What this task involves: Under this line are records; the part from the line containing "HelenKelly4's tweet photo." through the line containing "アイルランドの在住者おすすめ" should be repeated exactly. Please exclude pictures.
______
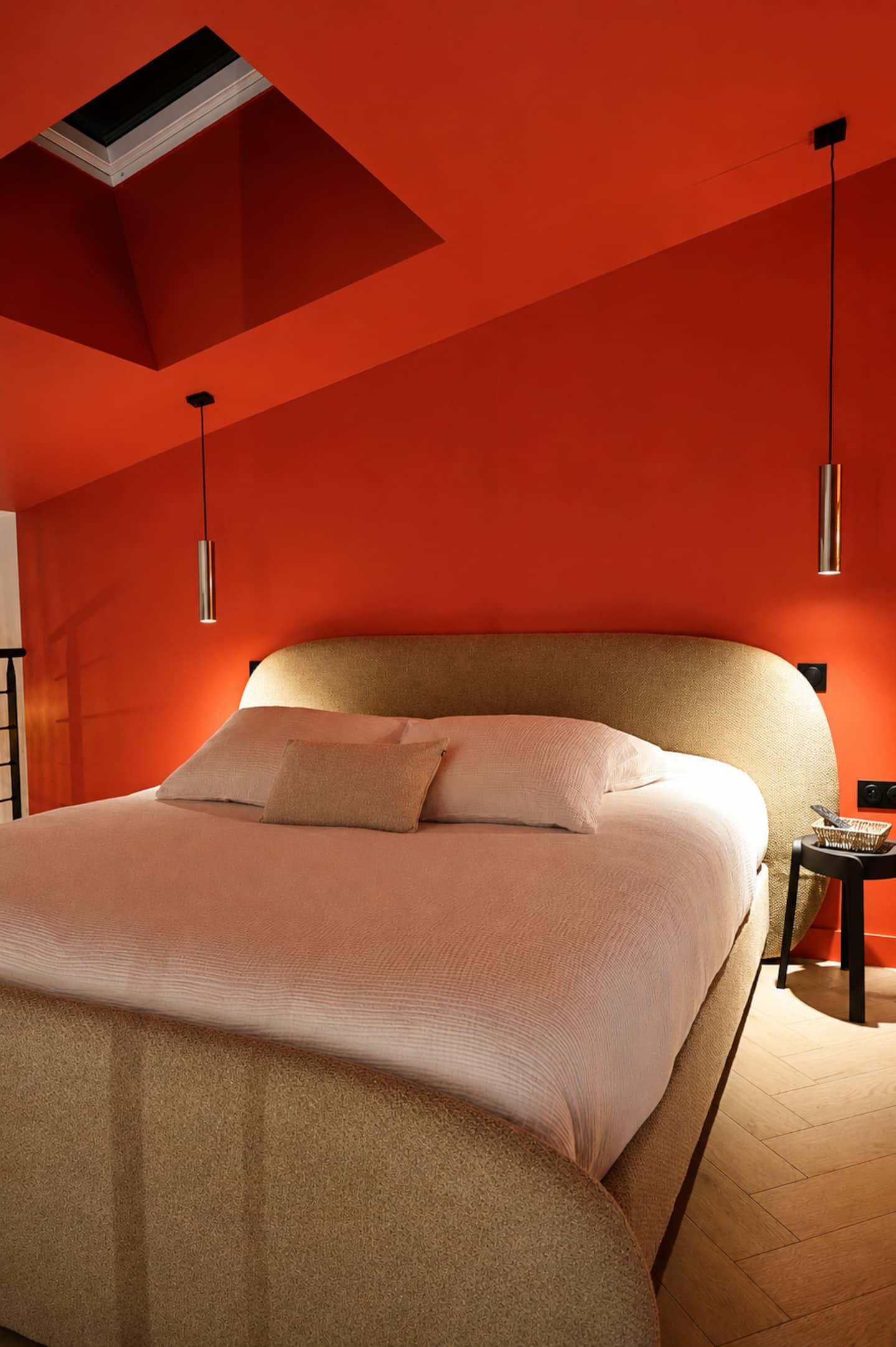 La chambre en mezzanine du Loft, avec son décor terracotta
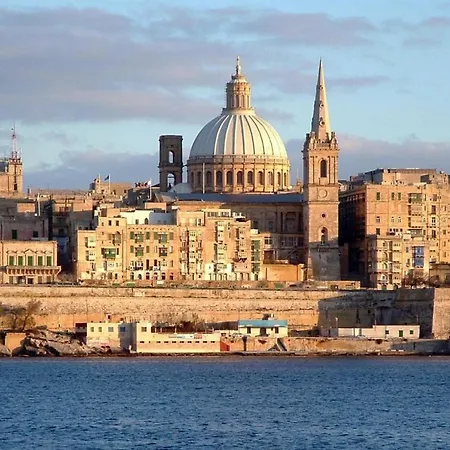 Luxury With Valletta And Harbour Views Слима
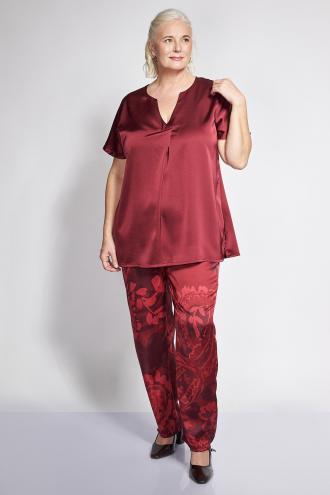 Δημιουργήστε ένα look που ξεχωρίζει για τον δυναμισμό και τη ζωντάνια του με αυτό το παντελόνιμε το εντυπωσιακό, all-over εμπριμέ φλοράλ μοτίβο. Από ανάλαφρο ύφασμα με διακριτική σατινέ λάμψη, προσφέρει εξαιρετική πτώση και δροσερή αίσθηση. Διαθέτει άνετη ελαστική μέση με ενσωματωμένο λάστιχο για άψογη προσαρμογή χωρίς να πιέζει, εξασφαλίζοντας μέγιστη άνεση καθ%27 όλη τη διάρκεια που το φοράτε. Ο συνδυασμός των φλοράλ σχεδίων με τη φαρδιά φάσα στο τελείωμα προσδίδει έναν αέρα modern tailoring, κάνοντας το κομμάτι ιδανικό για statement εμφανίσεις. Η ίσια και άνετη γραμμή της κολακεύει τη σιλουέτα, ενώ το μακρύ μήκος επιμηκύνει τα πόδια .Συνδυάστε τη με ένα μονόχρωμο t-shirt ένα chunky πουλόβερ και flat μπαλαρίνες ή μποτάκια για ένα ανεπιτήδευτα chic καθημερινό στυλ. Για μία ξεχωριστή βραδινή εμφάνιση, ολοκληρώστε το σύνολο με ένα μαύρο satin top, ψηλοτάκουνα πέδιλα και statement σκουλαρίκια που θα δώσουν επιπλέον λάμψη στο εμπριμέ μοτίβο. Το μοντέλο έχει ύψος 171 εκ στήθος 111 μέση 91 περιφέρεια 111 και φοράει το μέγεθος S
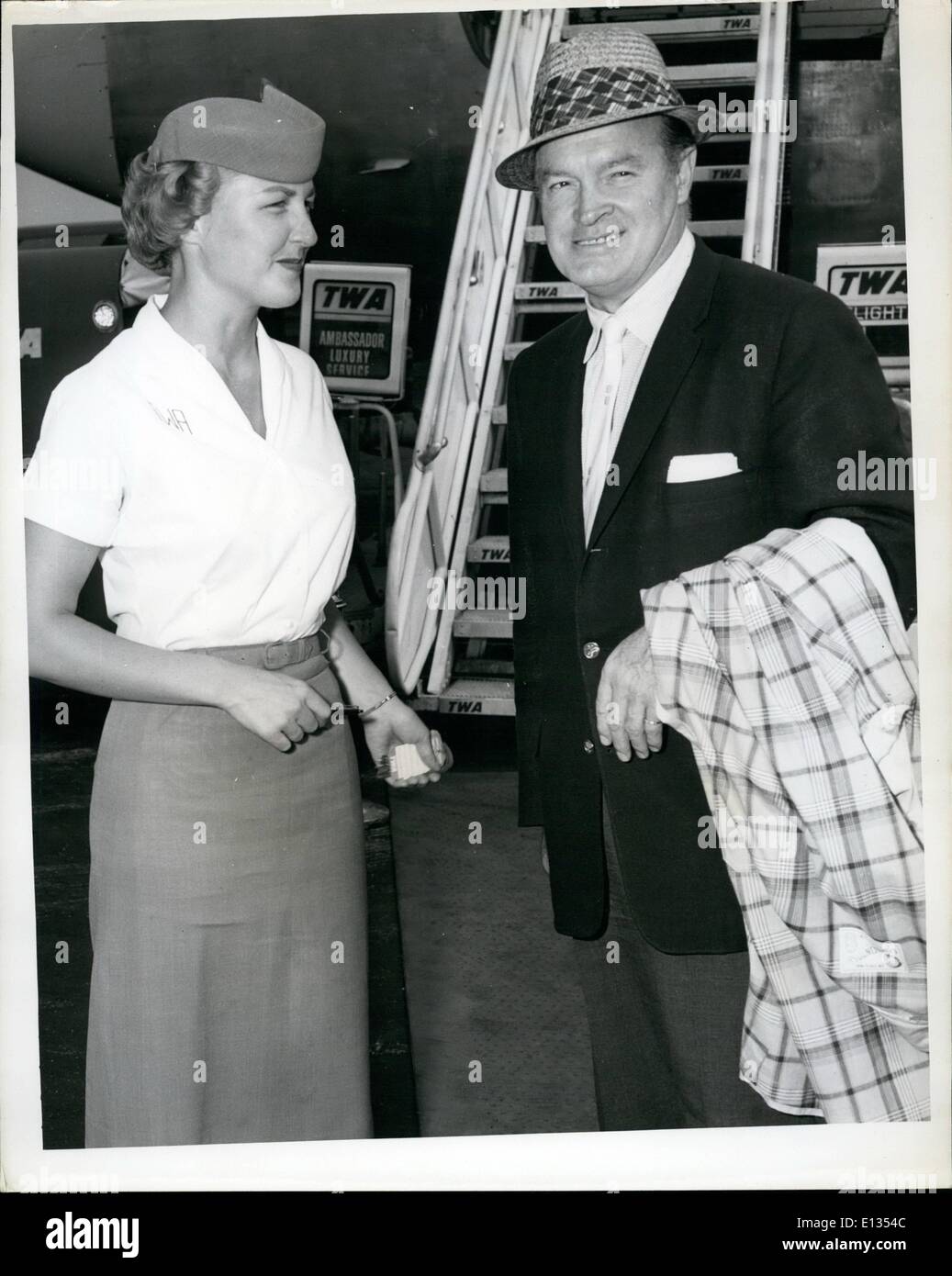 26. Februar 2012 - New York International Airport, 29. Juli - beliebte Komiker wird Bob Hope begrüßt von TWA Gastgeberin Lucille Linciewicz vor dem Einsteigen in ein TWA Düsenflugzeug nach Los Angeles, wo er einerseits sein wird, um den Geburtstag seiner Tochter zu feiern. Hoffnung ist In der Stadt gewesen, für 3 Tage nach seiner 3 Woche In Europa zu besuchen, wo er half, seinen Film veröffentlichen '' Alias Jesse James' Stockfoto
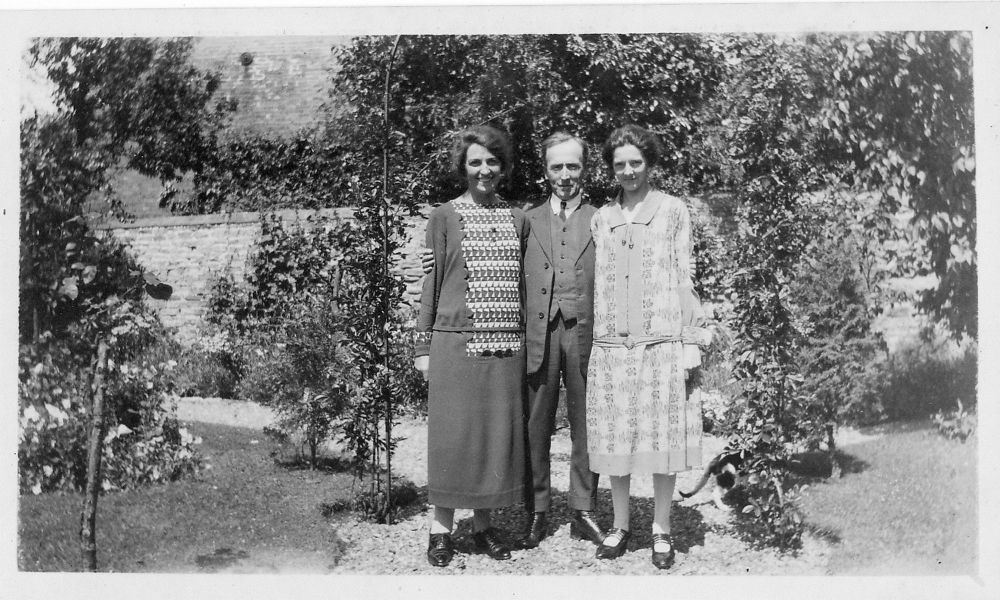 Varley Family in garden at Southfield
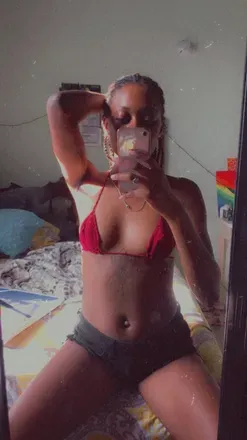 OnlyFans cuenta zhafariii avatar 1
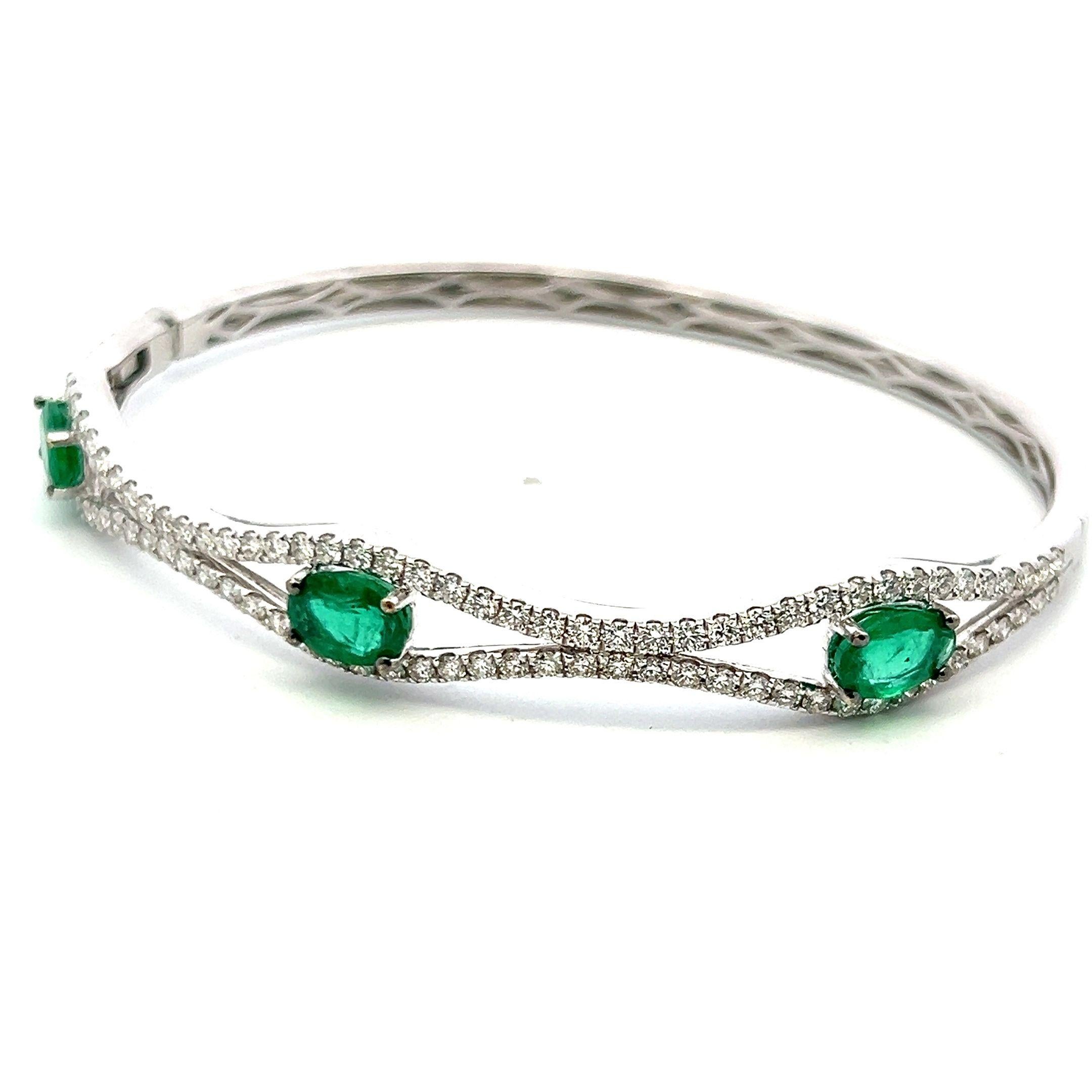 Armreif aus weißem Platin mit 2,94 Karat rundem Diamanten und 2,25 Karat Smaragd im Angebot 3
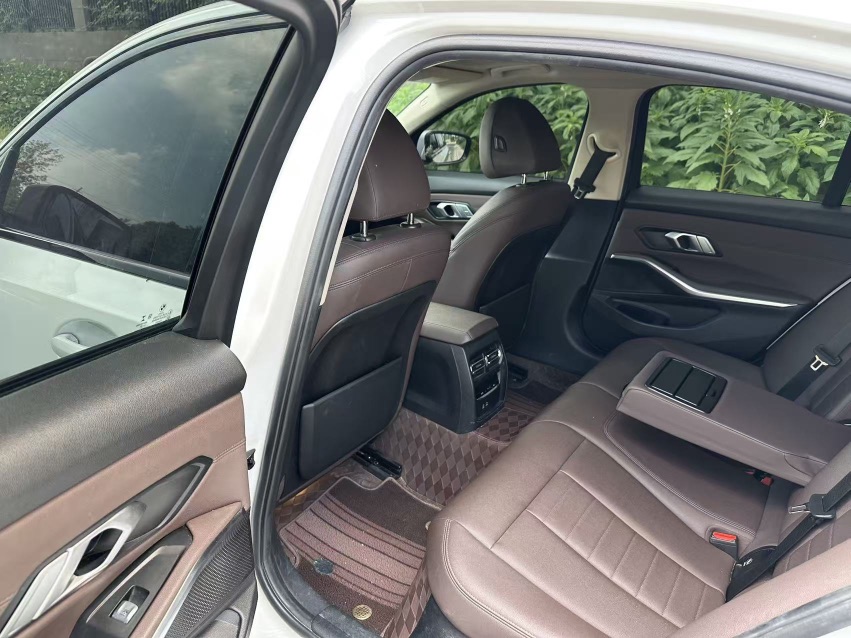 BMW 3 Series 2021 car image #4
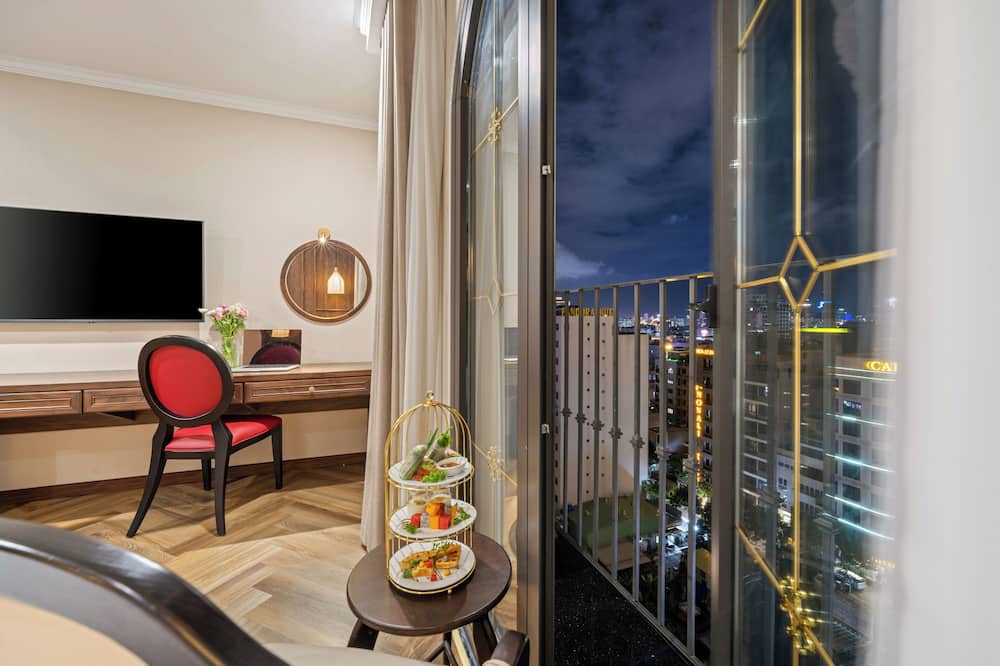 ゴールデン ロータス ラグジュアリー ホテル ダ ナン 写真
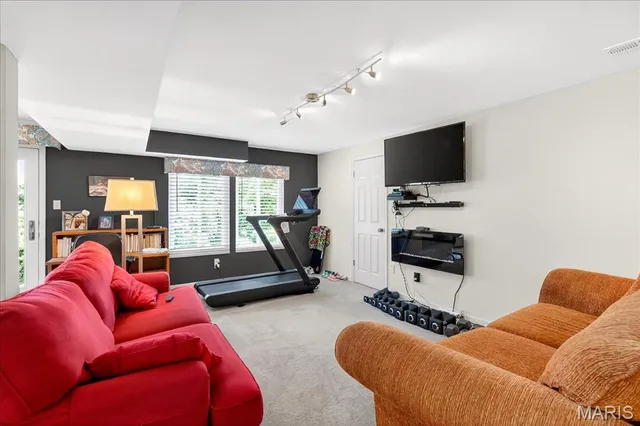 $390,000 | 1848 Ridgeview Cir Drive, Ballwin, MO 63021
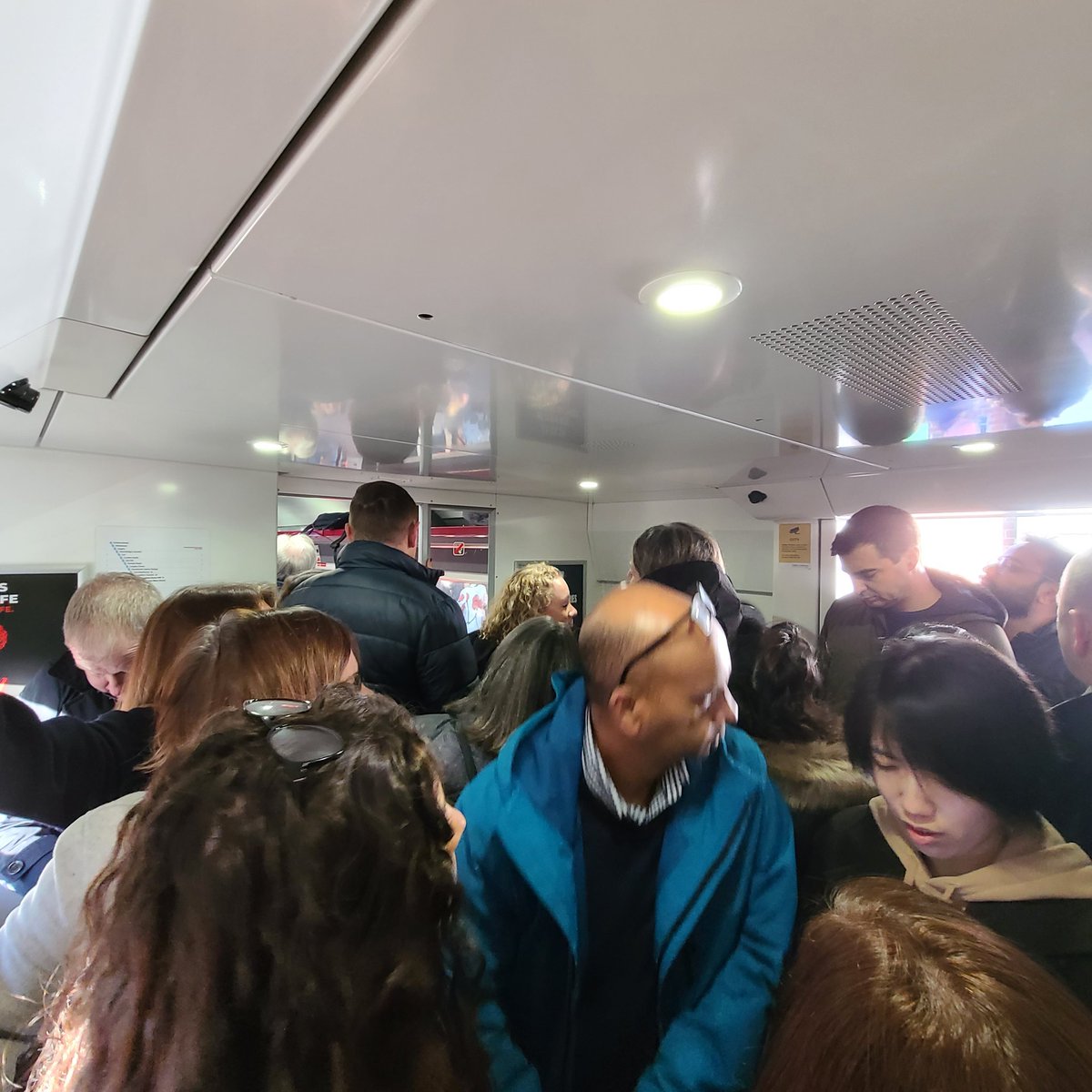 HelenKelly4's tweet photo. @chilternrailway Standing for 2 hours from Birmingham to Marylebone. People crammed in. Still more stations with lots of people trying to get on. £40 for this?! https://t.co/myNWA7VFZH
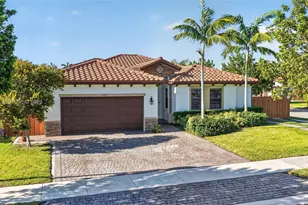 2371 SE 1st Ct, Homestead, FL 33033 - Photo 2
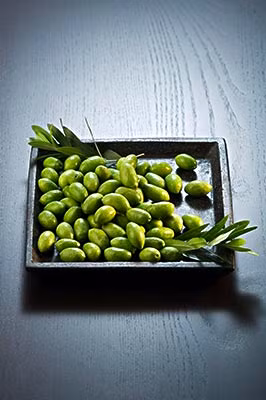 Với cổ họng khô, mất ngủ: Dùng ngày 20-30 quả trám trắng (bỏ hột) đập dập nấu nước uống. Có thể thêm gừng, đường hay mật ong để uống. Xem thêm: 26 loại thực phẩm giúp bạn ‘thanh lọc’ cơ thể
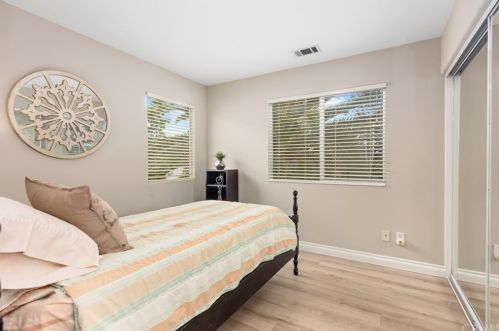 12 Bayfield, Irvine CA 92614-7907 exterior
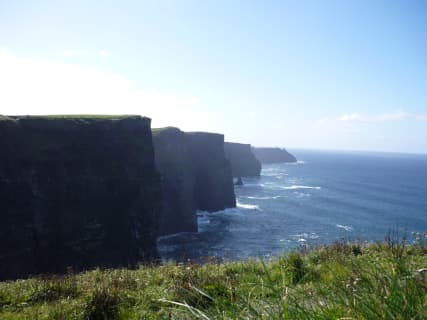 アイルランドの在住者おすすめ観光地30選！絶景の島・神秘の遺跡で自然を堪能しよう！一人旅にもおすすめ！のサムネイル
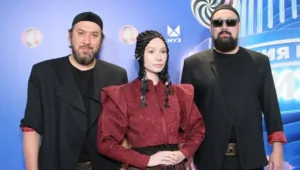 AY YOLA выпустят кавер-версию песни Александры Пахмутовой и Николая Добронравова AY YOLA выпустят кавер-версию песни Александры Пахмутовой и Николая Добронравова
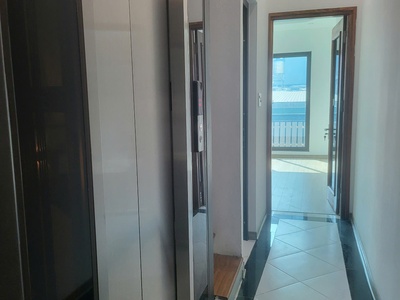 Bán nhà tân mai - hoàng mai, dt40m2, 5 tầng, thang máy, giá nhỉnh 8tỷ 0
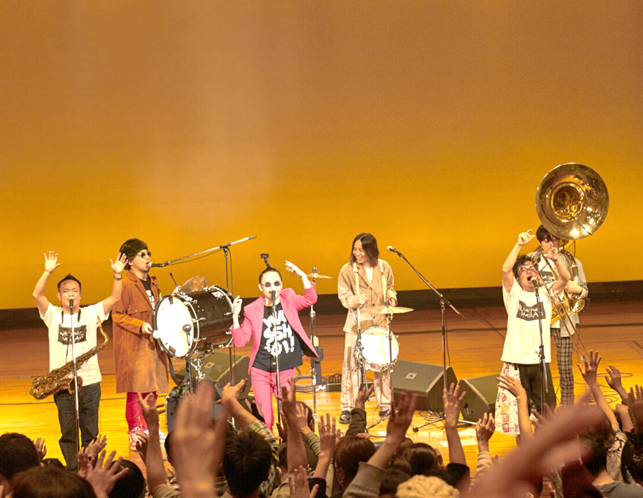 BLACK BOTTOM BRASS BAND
______
Answer section:
 HelenKelly4's tweet photo. @chilternrailway Standing for 2 hours from Birmingham to Marylebone. People crammed in. Still more stations with lots of people trying to get on. £40 for this?! https://t.co/myNWA7VFZH
 2371 SE 1st Ct, Homestead, FL 33033 - Photo 2
 Với cổ họng khô, mất ngủ: Dùng ngày 20-30 quả trám trắng (bỏ hột) đập dập nấu nước uống. Có thể thêm gừng, đường hay mật ong để uống. Xem thêm: 26 loại thực phẩm giúp bạn ‘thanh lọc’ cơ thể
 12 Bayfield, Irvine CA 92614-7907 exterior
 アイルランドの在住者おすすめ観光地30選！絶景の島・神秘の遺跡で自然を堪能しよう！一人旅にもおすすめ！のサムネイル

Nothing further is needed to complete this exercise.